Глава 3. Конвейерная лента в никуда и учеба в подземелье.
«Джону Чиронне не надо было ничего говорить, его взгляд выражал простую и всем понятную мысль: «Ты ничего не знаешь, так что заткнись-ка нафиг!».
После выпуска из Нотр Дама мне была предложена должность на NBC, так как еще во время учебы я успешно прошел собеседование. Мой годовой доход должен был составлять что-то около 6 тысяч долларов, но я отказался. Слишком мало для моей важной персоны.
Это было ошибкой. Нужно было ухватиться за шанс, начать строить карьеру там, где я хотел бы работать. Вместо этого мне пришлось заниматься тем, в чем я в принципе не разбирался, и при всем этом такая работа никак не могла поспособствовать в продвижении к намеченной цели. В первый год после окончания колледжа у меня не было ни единой мыли, чем же я буду заниматься в дальнейшей жизни. Я пытался найти свою нишу в обществе, но получалось не очень.
Некоторое время я работал в Ингерсолл Рэнд в Джерси. Потом, по протекции друга семьи, я устроился в отдел трудовых отношений Форд Моторс. Там я впервые встретился с членами профсоюза. Их мышление изменялось сообразно их возрасту в негативную сторону – чем старше они становились, тем больше они требовали от окружающих, считая, что все им должны. Такие люди особо не напрягались на своей работе, зарабатывая при этом неплохие суммы. Вы, наверное, сами с такими часто сталкивались – пятидесятилетние служащие, которые работают на предприятии больше тридцати лет и вертят профсоюзом так, как пожелают.
Я не состоял в профсоюзе. Я работал за примерно 35 тысяч в год, и по тем временам это был неплохой оклад, особенно для молодого парня. Со мной на конвейере было еще несколько молодых работяг. Я знал, что не предназначен для этой полосы, длинной примерно в милю.

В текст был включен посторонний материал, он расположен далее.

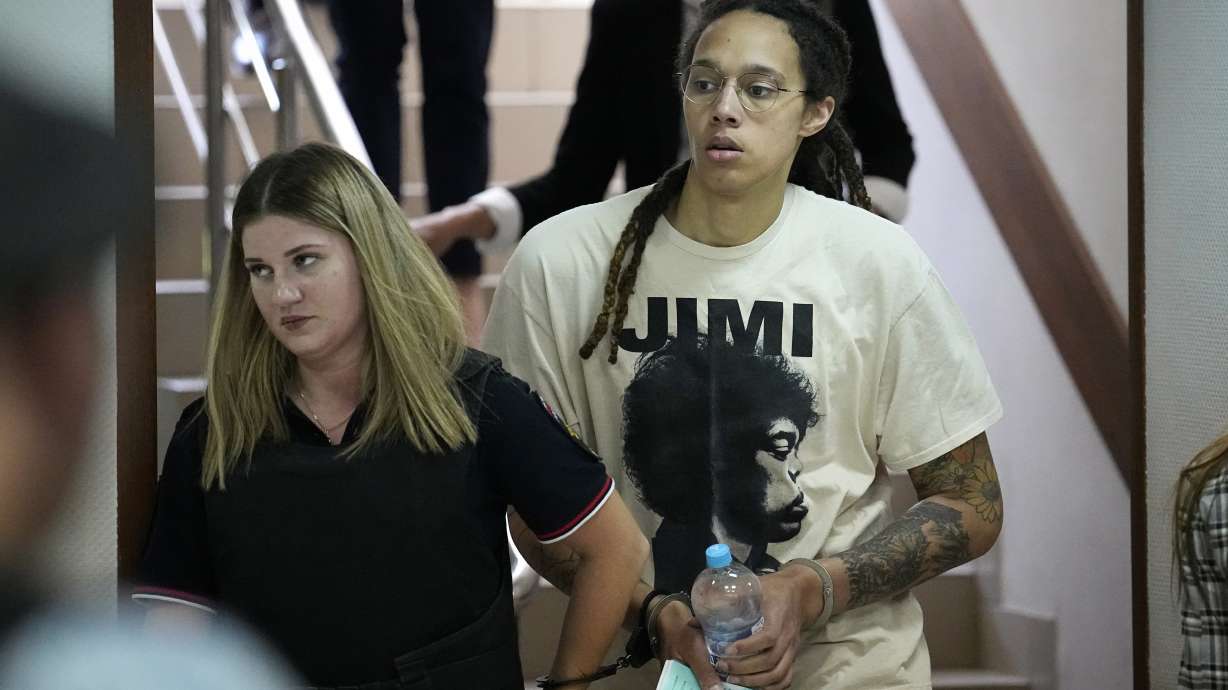 WNBA star and two-time Olympic gold medalist Brittney Griner is escorted to a courtroom for a hearing, in Khimki just outside Moscow, Russia, Friday, July 1, 2022. U.S. basketball star Brittney Griner is set to go on trial in a Moscow-area court Friday. The proceedings that are scheduled to begin Friday come about 4 1/2 months after she was arrested on cannabis possession charges at an airport while traveling to play for a Russian team.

Просто представьте: вашей единственной работой будет надевание шин на каждую машину, которая появляется перед вами. Переднее колесо, заднее колесо. Переднее колесо, заднее колесо... И так до бесконечности.
Все это само по себе вгоняло в депрессию, но чего стоил один только профсоюз! Нужно сказать, что я не имею ничего против профсоюза работников автомобильной промышленности. Наоборот, замечательно, что существует организация, которая поддерживает рабочих. Но в моем случае все вышеописанные члены профсоюза обладали раздутым эго и требовали к своим персонам повышенного внимания и уважения – особенно от меня, молодого человека, который в те времена для них был никем, да и звать его было никак.
Но в тоже время был момент, в котором я был согласен с их жалобами и претензиями – меня, как и их, волновал недокомплект рабочих на предприятии. То тут, то там в цехах не хватало рабочей силы, так что мне частенько приходилось то разгружать каркасы машин, то таскать шины. Но я не боялся замарать руки. Наоборот, тяжелый физический труд приносил удовлетворение.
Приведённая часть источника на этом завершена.